RAYANDBEER, Flickr. CC BY 2.0.
Whalebone Arch in the front of Christ Church Cathedral, Stanley.
Liam Quinn, Flickr. CC BY-SA 2.0.
Centre of Stanley with Christ Church Cathedral.
Liam Quinn, Flickr. CC BY-SA 2.0.
The southernmost Anglican cathedral is Christ Church Cathedral in Stanley, Falkland Islands. This brick and stone building was designed by Sir Arthur Blomfield and constructed in 1892.
Stanley became a capital of Falkland islands in the middle of 19th century. One of the first buildings here was the Exchange Building built in the site of present day cathedral. In 1865 the eastern wing of this wooden building was turned into a church - Holy Trinity Church - which was never consecrated.
Before the construction of Panama Canal Stanley had a significant geopolitical importance - ships stopped here for repairs after the dangerous route around Cape Horn.
Bishop of Falkland Islands felt that the church is too small and in 1882 there was established a church building committee.
Nature speeded up these plans.
The winter of 1886 happened to be very wet, with frequent heavy rains. One day a catastroph happened - a peat layer slided down from the slope of the hill next to Stanley. This landslide destroyed many buildings along its way - including the Holy Trinity Church.
The cooperation of the people on Falkland Islands and assistance from the United Kingdom brought a success. The new church was designed by the famous architect Sir Arthur Blomfield and built from local stone and bricks in 1890 - 1892.
The new church was consecrated in February 21st 1892 by the Bishop Waite Hockin Stirling.
This church has simple interior. The eye is attracted just by the intricate stained glass in the windows (made in 1927, 1958, 1988) and numerous plates along the walls telling about many persons and events.
Interesting is the collection of some 55 hassocks - cushions used while the congregation kneels on while the prayer. These hassocks are knitted by local people and each of them depicts a design or picture that has a connection with Falkland Islands.
The church has been renovated 100 years after its construction - in 1992.
The Shackleton Banner
One of the valuables in the church is a banner of the Order of Garter, bequeathed by Sir Edward Shackleton (1911 - 1994) - a son of the famous explorer of Antarctica Ernest Shackleton.
Order of the Garter is the most prestigious order of chivalry in the United Kingdom, it is existing since 1348. Most banners of this order are located in St George's Chapel at Windsor Palace in England and the banner of Shackleton is the only one in South America.
Edward Shackleton was an active explorer himself and was a president of the Royal Geographic Society in 1971 - 1974. He was knighted in 1974.
In 1975 and also in 1982 Sir Shackleton was invited by the British government to explore the economics of Falkland Islands.
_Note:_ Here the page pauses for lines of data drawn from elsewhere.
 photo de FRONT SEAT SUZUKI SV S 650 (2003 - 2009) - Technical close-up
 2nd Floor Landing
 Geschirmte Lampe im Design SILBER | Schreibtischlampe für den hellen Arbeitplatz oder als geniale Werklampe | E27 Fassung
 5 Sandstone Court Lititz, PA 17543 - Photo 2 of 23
His proposals included the upgrade of Stanley airfield, licensing of fishing, land reform. His advice has been of great assistance to the economy of Falklands.
Southernmost Anglican cathedral
Christ Church in Stanley is the parish church of the Falkland Islands, South Georgia and the British Antarctic Territories. It is the southernmost Anglican cathedral in the world and one of the smallest Anglican cathedrals.
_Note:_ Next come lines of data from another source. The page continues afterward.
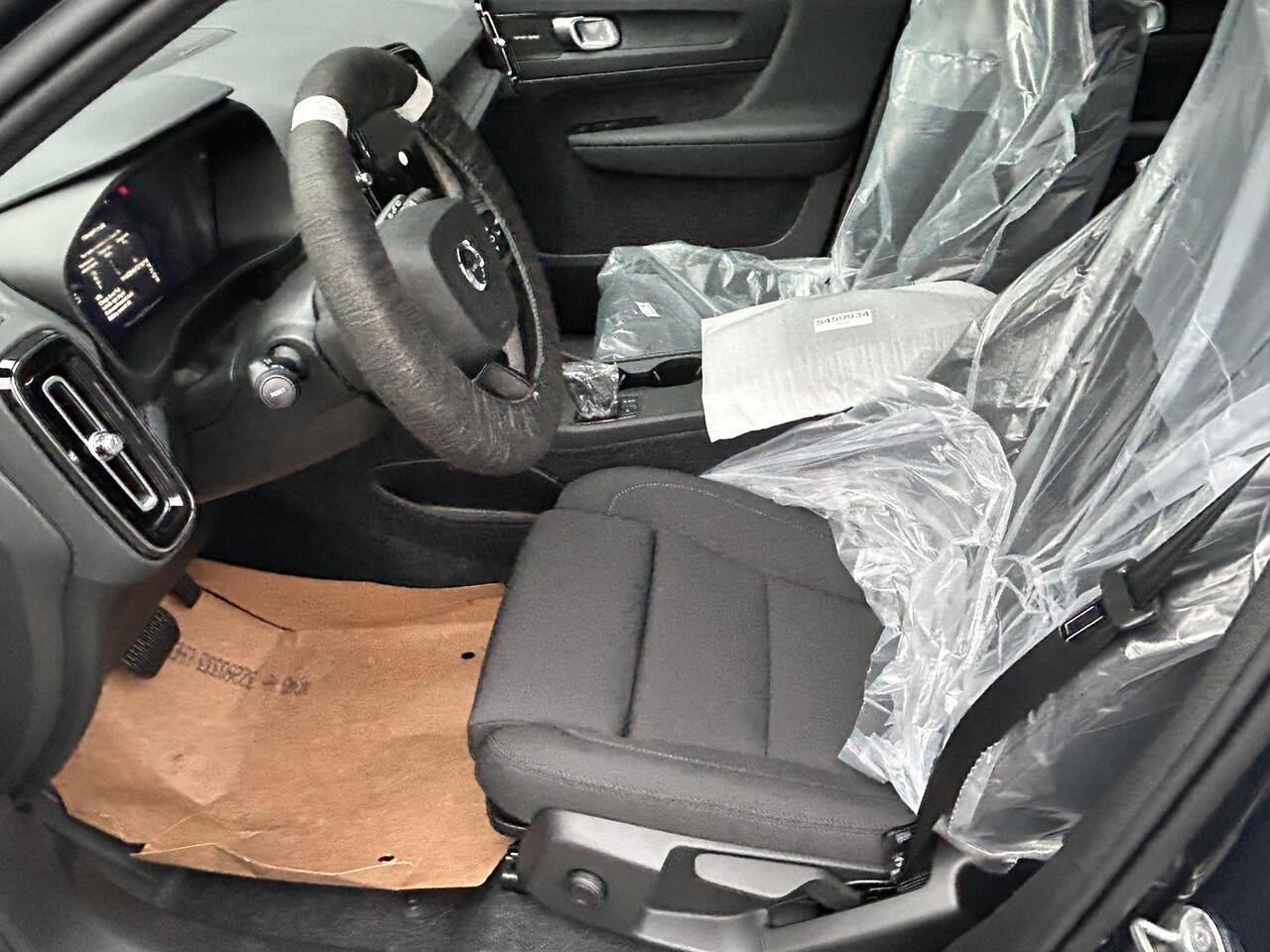 Volvo EX40 Single Motor Extended Range Plus Black Ed. 82 kWh / Harman Kardon / Stoel+Stuurverwarming / Adaptive Cruise / BLIS / Keyless /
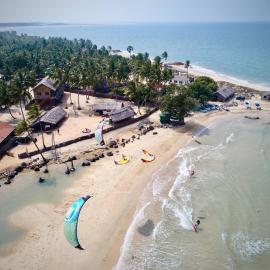 Surfpoint Sri Lanka Kite Village – hotel w mieście Kalpitiya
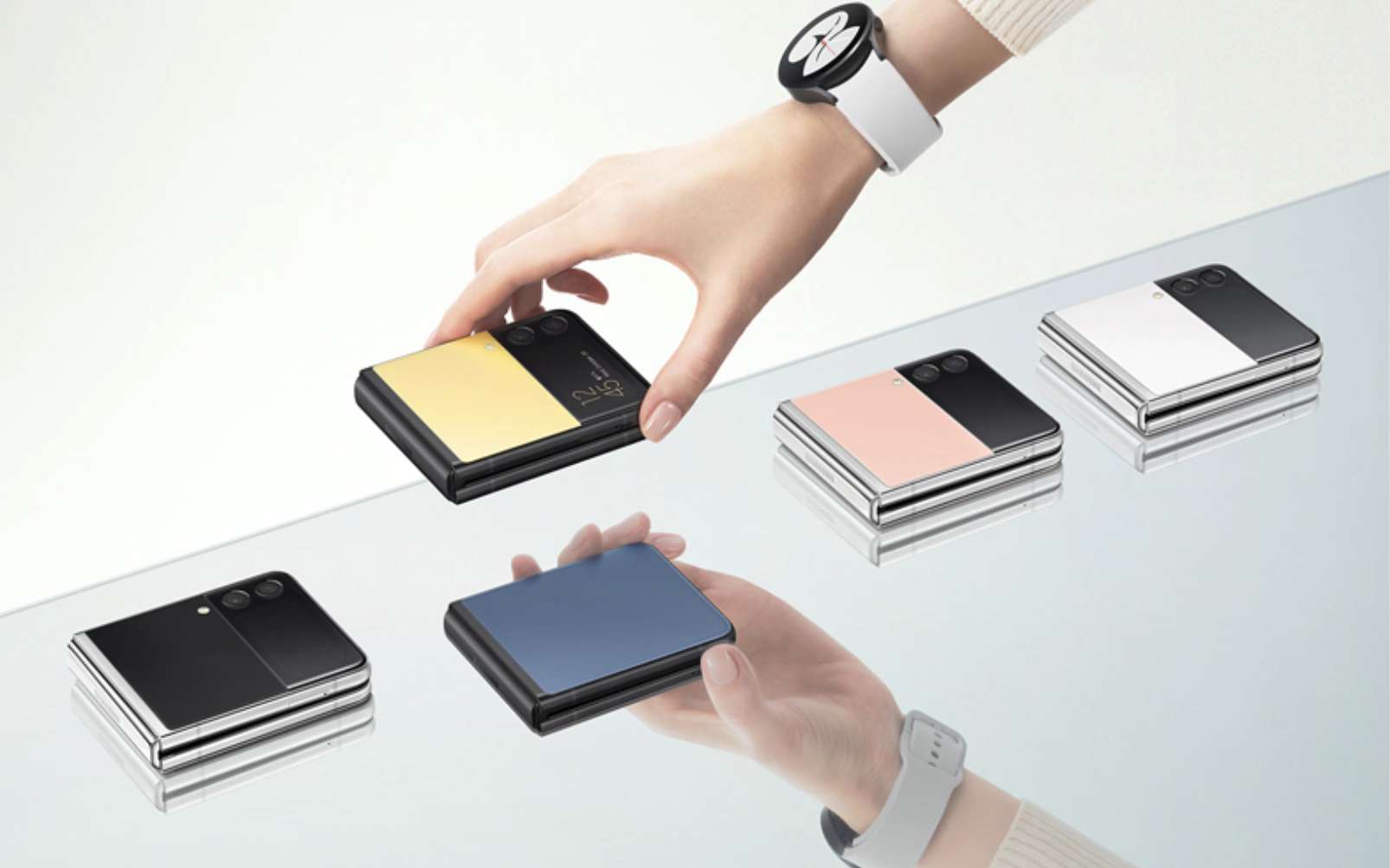 Une fois plié, le Galaxy Z Flip3 Bespoke Edition mesure seulement 4,2 pouces. © Samsung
Bishop of this church now is Archbishop of Canterbury - the principal leader of the Church of England, with his seat 12 655 km far away in London.
The Falklands Conflict between Argentina and United Kingdom started long ago. British captain John Byron claimed the islands in 1765 (one year after the French) but Spain bought the French colony and expelled the Brits in 1770. Spanish settlers withdrew to Argentina in 1811.
In 1820 the islands were claimed by the new nation of Argentina, but in 1833 the islands were regained by British forces.
In 1933, to commemorate 100 years anniversary since this event, there was built an original monument in the front of Christ Church Cathedral - a Whalebone Arch.
It consists of two jawbones of blue whales (Balaenoptera musculus) - the largest mammals of the world. These bones were brought here from South Shetland islands in 1922.
Now this unusual monument is deteriorating and has been coated.